The line with "Radio Comix (@radiocomixinc) / Posts / X" starts the range, and the last line of the listing ends it. Retype that range exactly, without pictures.
Records for this task Start Marker
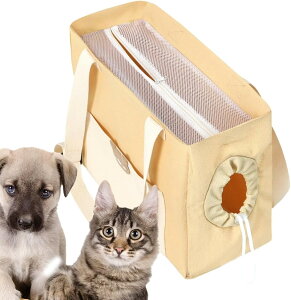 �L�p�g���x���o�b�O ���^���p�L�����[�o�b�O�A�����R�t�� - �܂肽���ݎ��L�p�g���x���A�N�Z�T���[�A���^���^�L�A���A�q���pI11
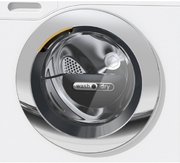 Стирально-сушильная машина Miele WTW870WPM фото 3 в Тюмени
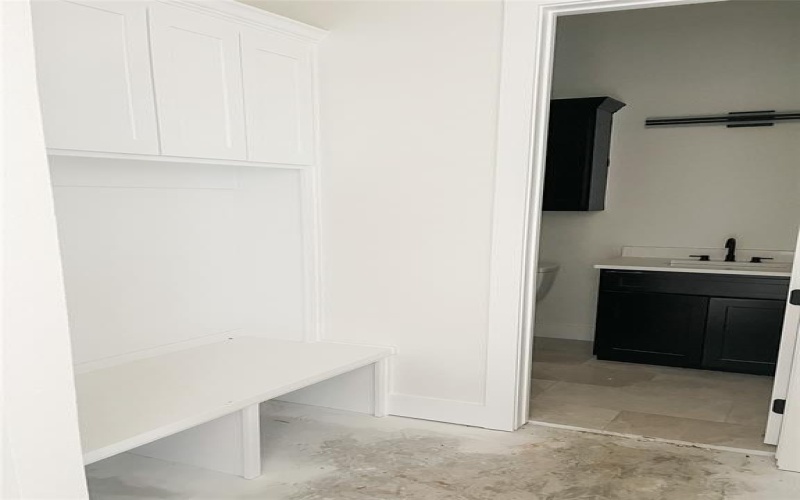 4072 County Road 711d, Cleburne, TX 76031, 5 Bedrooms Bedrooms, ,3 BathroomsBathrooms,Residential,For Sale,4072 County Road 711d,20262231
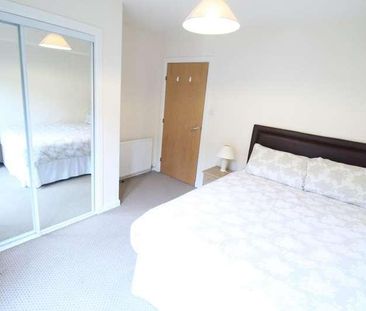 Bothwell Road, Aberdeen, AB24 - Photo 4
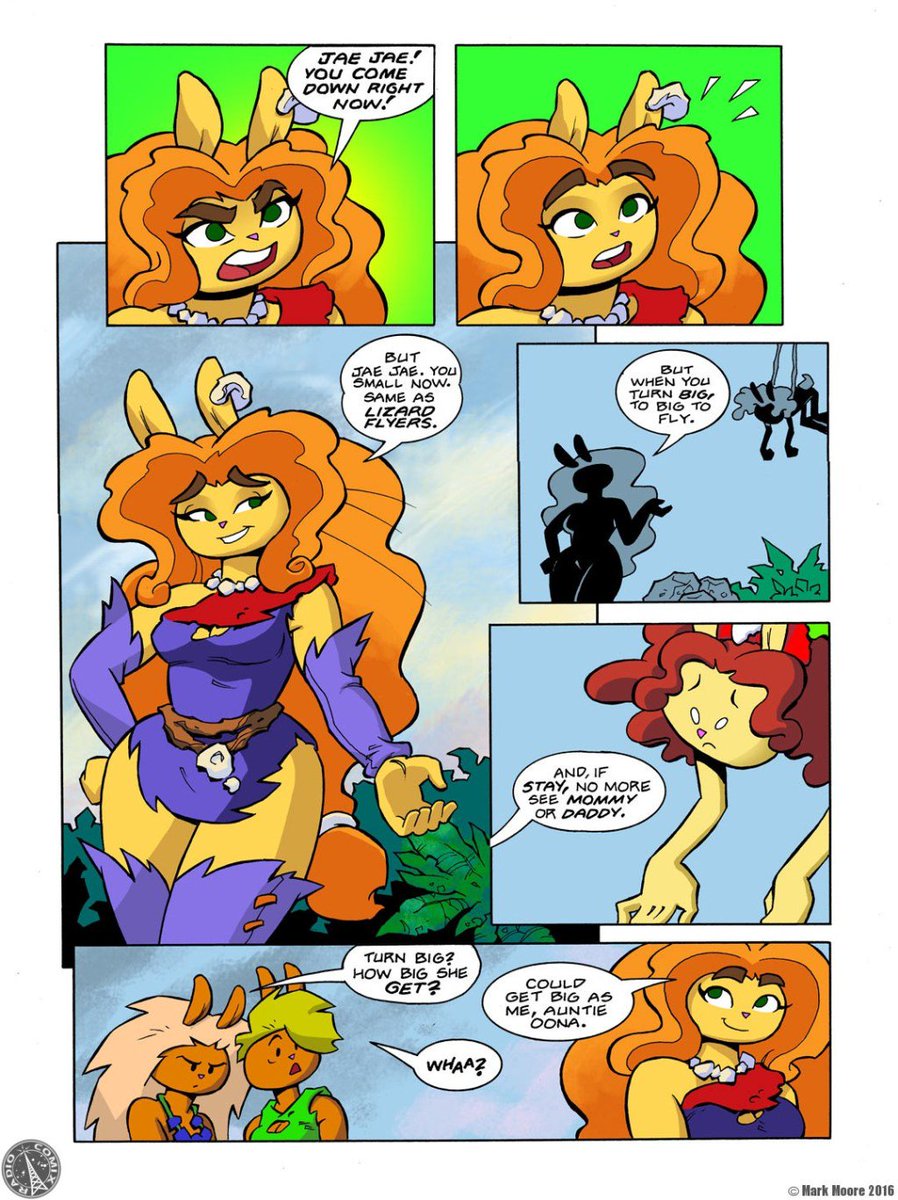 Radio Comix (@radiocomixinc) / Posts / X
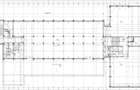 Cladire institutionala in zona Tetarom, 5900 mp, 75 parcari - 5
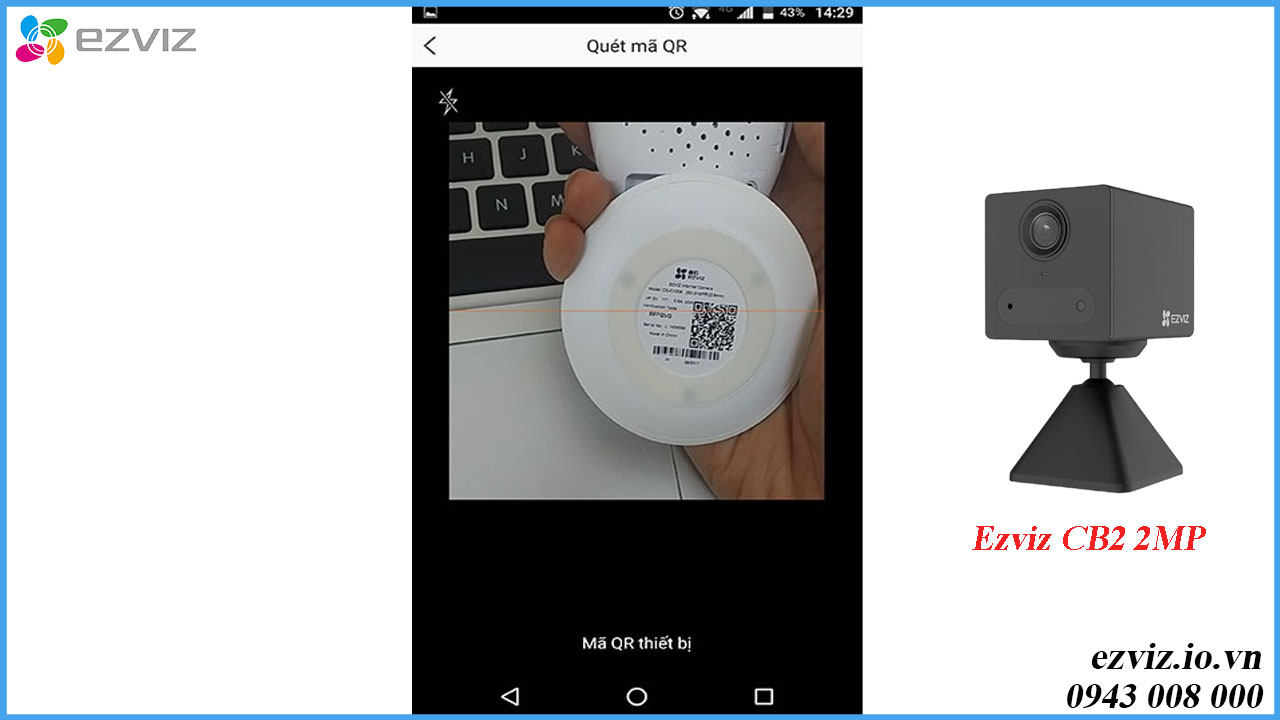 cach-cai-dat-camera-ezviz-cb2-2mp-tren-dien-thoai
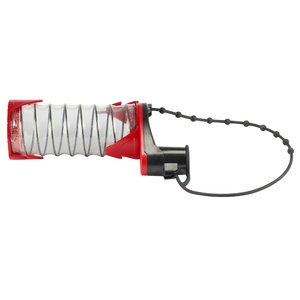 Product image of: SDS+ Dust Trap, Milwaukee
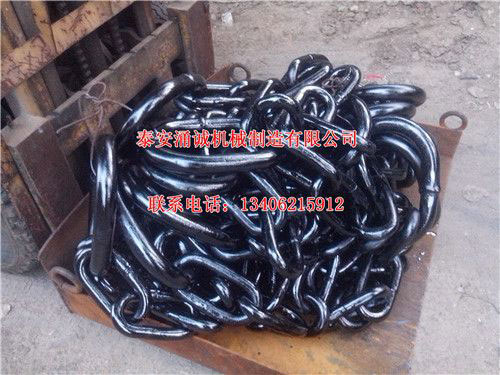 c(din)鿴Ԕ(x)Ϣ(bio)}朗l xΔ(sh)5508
Records for this task End Marker
● **Answer to this task**
 Radio Comix (@radiocomixinc) / Posts / X
 Cladire institutionala in zona Tetarom, 5900 mp, 75 parcari - 5
 cach-cai-dat-camera-ezviz-cb2-2mp-tren-dien-thoai
 Product image of: SDS+ Dust Trap, Milwaukee
 c(din)鿴Ԕ(x)Ϣ(bio)}朗l xΔ(sh)5508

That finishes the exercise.